How to Manage Combination Skin Up In the Air

Hi, everyone! 

I participated in this sponsored campaign for It’s Skin on behalf of One2One Network. All opinions stated are my own.

Two weeks ago, I went to Taiwan to celebrate Chinese New Year. I took off from JFK in the snow and 16 hours later, landed in cloudy but humidly warm (70°F) Taipei. Usually, my combination skin would go coo-coo by the time I arrive; my dry cheeks would be irritated and red, while my oily t-zone would become extra shiny. But thankfully, I'm now experienced enough to know how to manage my polar opposite skin when I travel between places with different climates! And with the help of Korean beauty brand It's Skin, I was pleasantly surprised with how glowy and healthy my skin looked right off the plane!

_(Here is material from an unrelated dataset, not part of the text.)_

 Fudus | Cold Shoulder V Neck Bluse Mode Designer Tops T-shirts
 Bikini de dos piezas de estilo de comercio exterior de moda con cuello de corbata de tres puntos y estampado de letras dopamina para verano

Developed by dermatologists from Seoul University, It's Skin offers products that are created with natural ingredients and state-of-the-art science. They're also known for their innovative and fun packaging!

Read on to see how I prepped my skin before, during and after my flights!

Go Makeup-Free, Especially on A Long-Haul Flight

One of the most important things I've learned from traveling throughout my life is what makeup can do to your skin on a plane. The humidity level of airplane cabins are on average at about 20%, but our skin is actually only comfortable at somewhere between 40% and 70%. Some foundations and powder products can dry your skin out even more, too, causing your skin to flake and look extremely dull after a flight.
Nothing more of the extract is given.